INPUT MATERIAL Start Marker

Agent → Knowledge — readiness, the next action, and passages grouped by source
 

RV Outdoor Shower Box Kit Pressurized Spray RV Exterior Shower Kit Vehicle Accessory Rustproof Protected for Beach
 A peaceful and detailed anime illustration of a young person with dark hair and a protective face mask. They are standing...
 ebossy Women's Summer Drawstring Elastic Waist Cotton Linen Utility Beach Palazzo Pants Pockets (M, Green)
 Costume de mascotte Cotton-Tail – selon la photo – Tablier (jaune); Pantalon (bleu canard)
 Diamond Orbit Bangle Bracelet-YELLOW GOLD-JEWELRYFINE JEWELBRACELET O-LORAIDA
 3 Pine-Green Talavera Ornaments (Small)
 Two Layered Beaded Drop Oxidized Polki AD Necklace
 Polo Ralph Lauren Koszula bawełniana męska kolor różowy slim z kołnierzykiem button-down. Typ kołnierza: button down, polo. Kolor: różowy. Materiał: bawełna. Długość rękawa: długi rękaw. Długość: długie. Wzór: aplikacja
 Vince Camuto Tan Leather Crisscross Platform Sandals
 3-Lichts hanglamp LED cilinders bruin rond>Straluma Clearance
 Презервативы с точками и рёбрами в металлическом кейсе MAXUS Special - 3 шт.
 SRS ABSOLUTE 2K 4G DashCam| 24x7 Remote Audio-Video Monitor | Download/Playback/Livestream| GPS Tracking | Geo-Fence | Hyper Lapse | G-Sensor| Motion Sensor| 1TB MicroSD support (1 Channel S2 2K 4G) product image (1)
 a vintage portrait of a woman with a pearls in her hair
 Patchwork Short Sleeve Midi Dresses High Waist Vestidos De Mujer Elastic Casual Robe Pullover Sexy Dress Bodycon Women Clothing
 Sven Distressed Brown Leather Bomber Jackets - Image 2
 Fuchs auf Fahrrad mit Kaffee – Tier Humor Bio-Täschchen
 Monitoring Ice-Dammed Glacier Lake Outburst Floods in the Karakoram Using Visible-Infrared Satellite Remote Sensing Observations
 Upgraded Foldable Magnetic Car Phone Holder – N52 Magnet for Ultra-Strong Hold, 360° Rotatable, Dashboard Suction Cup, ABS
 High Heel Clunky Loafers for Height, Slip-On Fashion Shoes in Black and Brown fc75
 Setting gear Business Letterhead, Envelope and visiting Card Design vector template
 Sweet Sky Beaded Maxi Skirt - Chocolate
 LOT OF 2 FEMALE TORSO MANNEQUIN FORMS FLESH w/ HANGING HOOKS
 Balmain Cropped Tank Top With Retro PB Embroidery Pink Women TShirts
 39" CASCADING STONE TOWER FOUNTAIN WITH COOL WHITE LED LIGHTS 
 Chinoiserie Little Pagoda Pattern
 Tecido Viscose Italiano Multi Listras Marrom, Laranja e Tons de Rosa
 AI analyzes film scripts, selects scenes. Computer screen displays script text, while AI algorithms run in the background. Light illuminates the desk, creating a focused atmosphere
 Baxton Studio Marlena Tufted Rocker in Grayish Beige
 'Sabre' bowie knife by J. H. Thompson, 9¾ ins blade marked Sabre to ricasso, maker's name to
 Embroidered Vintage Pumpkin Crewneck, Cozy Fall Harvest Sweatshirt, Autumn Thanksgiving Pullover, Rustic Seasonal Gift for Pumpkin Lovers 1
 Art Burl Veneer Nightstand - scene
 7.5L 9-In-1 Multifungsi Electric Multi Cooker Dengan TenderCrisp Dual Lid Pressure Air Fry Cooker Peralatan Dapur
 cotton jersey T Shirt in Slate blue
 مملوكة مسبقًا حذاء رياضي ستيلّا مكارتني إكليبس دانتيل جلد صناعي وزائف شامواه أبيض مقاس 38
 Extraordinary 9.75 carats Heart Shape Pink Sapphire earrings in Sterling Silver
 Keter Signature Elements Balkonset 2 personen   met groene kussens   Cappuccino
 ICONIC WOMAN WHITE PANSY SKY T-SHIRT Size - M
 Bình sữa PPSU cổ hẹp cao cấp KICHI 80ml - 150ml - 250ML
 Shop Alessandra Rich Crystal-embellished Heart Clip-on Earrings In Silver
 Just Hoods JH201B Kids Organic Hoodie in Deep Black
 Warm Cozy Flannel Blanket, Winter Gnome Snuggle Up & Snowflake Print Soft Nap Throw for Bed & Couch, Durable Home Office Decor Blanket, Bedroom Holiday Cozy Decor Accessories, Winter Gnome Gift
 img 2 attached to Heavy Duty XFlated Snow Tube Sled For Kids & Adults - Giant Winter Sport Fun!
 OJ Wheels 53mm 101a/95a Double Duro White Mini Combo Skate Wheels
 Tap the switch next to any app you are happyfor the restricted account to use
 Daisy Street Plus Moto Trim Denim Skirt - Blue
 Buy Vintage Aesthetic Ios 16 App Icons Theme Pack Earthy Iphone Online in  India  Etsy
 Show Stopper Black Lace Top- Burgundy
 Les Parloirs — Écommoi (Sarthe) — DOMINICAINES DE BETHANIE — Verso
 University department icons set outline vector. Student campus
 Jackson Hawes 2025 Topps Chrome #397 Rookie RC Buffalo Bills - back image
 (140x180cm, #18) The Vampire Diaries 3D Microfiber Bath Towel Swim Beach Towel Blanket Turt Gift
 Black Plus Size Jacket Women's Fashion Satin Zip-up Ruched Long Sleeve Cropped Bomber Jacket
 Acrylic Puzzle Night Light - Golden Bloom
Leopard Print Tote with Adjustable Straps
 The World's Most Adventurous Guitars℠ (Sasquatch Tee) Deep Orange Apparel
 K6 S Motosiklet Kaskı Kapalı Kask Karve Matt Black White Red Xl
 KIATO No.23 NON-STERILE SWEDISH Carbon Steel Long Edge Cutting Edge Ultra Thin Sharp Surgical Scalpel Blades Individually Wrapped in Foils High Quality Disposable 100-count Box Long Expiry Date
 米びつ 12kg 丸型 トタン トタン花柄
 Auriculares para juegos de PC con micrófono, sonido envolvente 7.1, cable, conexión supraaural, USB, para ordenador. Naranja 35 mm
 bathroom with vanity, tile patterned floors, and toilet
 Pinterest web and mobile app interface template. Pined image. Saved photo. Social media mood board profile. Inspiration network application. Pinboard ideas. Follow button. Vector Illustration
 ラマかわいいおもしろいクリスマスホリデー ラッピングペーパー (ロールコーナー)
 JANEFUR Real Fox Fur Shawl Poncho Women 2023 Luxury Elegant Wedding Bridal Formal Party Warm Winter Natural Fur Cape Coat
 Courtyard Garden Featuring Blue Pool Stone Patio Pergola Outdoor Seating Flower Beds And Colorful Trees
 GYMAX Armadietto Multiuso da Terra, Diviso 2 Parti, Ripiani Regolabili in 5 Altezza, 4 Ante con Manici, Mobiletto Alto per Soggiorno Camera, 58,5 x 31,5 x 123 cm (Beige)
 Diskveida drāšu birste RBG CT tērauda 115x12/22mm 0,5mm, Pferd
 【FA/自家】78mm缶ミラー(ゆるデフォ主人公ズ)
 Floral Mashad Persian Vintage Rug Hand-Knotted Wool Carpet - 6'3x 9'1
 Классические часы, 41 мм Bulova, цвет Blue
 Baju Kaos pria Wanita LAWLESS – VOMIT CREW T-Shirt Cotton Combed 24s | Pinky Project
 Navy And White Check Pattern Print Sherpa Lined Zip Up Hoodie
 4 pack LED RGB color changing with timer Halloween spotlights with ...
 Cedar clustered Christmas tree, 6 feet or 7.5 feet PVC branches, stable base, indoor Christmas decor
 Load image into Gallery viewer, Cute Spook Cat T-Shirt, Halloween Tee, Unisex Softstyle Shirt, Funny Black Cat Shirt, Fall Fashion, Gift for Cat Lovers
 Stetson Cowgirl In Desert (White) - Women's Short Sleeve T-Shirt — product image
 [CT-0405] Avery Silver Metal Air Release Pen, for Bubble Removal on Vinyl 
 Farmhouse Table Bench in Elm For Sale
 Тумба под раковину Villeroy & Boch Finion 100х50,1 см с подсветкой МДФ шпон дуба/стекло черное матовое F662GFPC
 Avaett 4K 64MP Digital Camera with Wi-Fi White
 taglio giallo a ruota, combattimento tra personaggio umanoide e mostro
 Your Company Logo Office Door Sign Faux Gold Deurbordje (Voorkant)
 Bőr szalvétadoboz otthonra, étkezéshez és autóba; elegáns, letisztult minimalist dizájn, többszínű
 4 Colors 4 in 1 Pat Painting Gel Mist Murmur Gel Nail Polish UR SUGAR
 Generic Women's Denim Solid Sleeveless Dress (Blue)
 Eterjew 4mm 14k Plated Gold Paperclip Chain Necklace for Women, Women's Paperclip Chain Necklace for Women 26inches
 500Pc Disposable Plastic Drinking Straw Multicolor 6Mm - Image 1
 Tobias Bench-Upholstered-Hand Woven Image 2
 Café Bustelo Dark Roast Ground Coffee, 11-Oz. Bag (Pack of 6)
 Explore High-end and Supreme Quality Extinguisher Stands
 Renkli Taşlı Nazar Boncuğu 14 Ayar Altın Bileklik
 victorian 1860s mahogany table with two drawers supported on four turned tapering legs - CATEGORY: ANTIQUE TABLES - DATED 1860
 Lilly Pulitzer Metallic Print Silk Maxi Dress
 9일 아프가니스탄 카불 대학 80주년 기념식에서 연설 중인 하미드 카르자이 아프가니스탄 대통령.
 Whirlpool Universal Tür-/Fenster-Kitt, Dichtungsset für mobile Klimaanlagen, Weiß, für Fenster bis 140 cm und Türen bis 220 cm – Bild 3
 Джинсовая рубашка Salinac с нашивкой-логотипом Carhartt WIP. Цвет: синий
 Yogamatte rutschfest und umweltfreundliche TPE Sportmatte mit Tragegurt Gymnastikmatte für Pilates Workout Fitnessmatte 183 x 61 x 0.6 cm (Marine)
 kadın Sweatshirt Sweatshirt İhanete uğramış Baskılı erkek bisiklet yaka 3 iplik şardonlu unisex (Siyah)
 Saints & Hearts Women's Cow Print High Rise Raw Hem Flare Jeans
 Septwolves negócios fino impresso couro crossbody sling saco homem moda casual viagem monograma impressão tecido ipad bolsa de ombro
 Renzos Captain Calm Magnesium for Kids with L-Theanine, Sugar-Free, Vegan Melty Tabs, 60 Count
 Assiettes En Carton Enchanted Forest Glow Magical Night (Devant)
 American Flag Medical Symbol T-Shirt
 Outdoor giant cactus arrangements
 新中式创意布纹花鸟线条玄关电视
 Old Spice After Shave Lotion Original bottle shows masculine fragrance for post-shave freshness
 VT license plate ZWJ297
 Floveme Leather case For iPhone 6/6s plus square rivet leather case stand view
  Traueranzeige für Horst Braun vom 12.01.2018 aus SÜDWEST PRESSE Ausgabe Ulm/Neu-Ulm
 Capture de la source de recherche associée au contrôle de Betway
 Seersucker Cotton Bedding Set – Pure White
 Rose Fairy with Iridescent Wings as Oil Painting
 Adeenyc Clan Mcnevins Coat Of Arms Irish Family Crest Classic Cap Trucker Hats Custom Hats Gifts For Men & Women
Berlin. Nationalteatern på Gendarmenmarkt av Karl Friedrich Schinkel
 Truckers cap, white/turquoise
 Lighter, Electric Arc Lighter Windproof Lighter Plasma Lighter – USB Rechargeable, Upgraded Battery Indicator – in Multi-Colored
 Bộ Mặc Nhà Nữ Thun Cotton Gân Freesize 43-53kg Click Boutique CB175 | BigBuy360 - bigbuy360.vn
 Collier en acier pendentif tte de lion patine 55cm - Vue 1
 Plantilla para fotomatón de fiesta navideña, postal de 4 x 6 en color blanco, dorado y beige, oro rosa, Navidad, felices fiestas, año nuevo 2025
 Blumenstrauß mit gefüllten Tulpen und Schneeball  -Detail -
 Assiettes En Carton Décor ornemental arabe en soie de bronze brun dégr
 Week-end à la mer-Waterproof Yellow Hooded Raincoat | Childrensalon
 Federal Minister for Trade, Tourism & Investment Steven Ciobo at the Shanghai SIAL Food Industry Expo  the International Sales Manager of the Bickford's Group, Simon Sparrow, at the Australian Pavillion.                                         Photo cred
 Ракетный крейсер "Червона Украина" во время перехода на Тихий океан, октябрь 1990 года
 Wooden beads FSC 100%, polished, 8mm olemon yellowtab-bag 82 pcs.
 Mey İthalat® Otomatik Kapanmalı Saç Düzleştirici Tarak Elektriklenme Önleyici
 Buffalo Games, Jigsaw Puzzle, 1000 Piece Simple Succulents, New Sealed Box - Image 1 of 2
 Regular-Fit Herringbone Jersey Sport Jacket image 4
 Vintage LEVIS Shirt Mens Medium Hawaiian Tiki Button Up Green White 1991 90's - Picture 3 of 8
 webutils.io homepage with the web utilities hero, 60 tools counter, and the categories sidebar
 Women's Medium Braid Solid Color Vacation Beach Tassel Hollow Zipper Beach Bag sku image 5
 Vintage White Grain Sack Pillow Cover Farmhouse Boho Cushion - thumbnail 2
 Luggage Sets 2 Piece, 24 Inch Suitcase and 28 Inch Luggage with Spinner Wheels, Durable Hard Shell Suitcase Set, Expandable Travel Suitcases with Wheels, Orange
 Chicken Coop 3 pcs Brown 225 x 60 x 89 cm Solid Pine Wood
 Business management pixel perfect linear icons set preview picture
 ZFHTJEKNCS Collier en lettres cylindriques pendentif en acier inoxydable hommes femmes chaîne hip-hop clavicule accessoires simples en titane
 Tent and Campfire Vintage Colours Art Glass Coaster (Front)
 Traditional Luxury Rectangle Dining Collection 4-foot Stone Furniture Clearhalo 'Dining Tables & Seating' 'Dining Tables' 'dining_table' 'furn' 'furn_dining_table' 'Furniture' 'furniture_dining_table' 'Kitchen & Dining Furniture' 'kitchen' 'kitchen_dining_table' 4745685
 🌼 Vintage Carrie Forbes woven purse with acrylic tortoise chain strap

INPUT MATERIAL End Marker

WHAT IS NEEDED >> Your task for the entries above: copy exactly the span starting with the line with "AI analyzes film" and going on through the line with "Bình sữa PPSU", both lines included, and nothing else.

OUTPUT >>
 AI analyzes film scripts, selects scenes. Computer screen displays script text, while AI algorithms run in the background. Light illuminates the desk, creating a focused atmosphere
 Baxton Studio Marlena Tufted Rocker in Grayish Beige
 'Sabre' bowie knife by J. H. Thompson, 9¾ ins blade marked Sabre to ricasso, maker's name to
 Embroidered Vintage Pumpkin Crewneck, Cozy Fall Harvest Sweatshirt, Autumn Thanksgiving Pullover, Rustic Seasonal Gift for Pumpkin Lovers 1
 Art Burl Veneer Nightstand - scene
 7.5L 9-In-1 Multifungsi Electric Multi Cooker Dengan TenderCrisp Dual Lid Pressure Air Fry Cooker Peralatan Dapur
 cotton jersey T Shirt in Slate blue
 مملوكة مسبقًا حذاء رياضي ستيلّا مكارتني إكليبس دانتيل جلد صناعي وزائف شامواه أبيض مقاس 38
 Extraordinary 9.75 carats Heart Shape Pink Sapphire earrings in Sterling Silver
 Keter Signature Elements Balkonset 2 personen   met groene kussens   Cappuccino
 ICONIC WOMAN WHITE PANSY SKY T-SHIRT Size - M
 Bình sữa PPSU cổ hẹp cao cấp KICHI 80ml - 150ml - 250ML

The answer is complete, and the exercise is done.